Exercise brief: Exclude all pictures, and reproduce exactly the lines from the one containing "[LINEスタンプ] RG_monokuro" through the end of the records, with nothing else added.

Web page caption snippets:

Start of Block

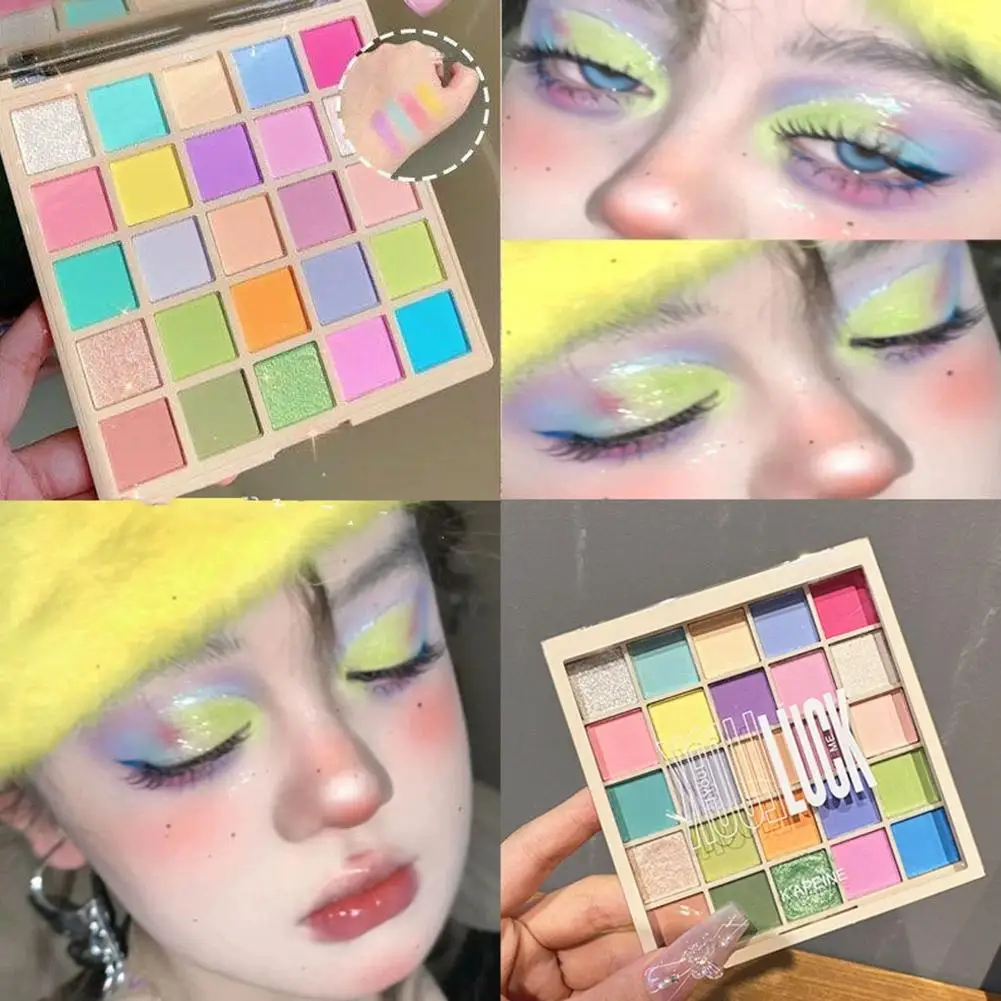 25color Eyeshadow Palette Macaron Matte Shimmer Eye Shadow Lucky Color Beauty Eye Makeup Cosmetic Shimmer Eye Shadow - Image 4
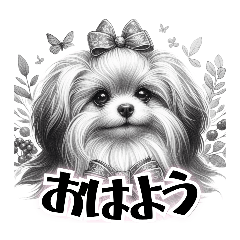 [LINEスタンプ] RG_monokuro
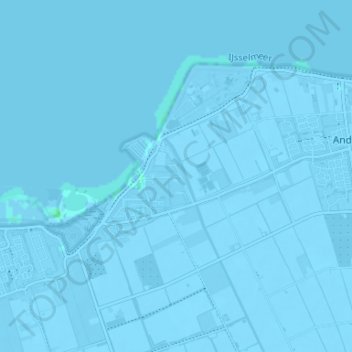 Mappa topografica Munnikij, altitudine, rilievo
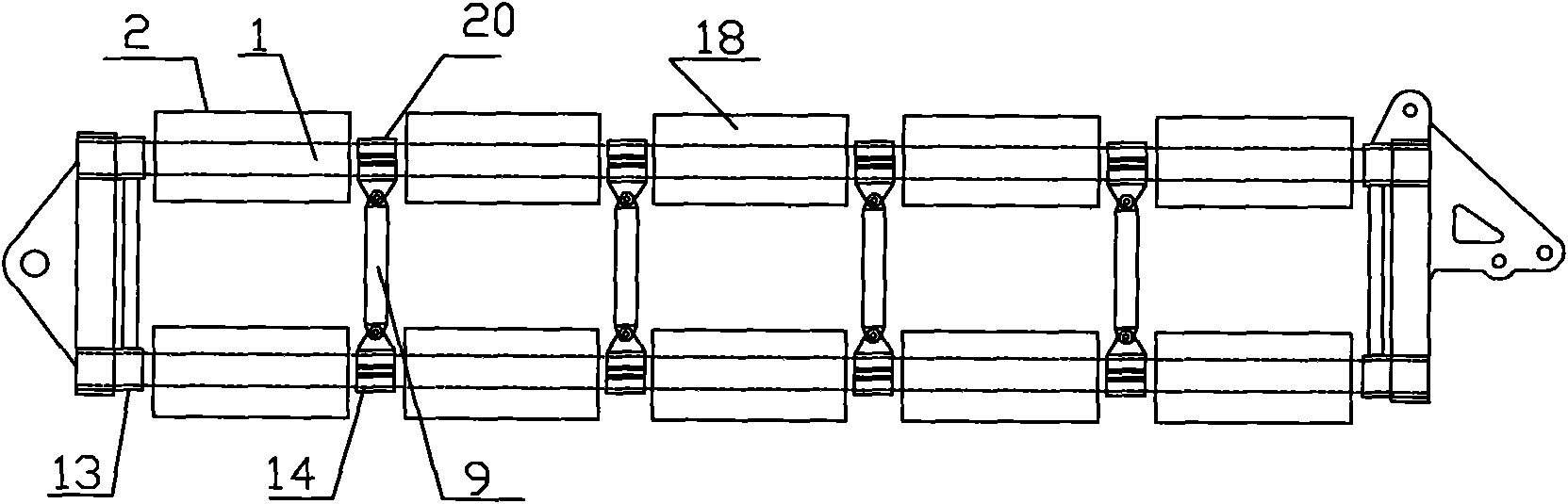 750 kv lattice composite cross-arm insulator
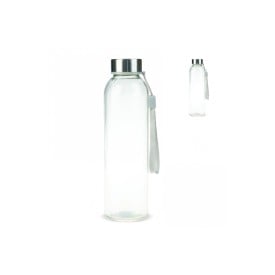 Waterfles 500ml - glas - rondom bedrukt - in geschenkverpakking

End of Block

The completed task:
 [LINEスタンプ] RG_monokuro
 Mappa topografica Munnikij, altitudine, rilievo
 750 kv lattice composite cross-arm insulator
 Waterfles 500ml - glas - rondom bedrukt - in geschenkverpakking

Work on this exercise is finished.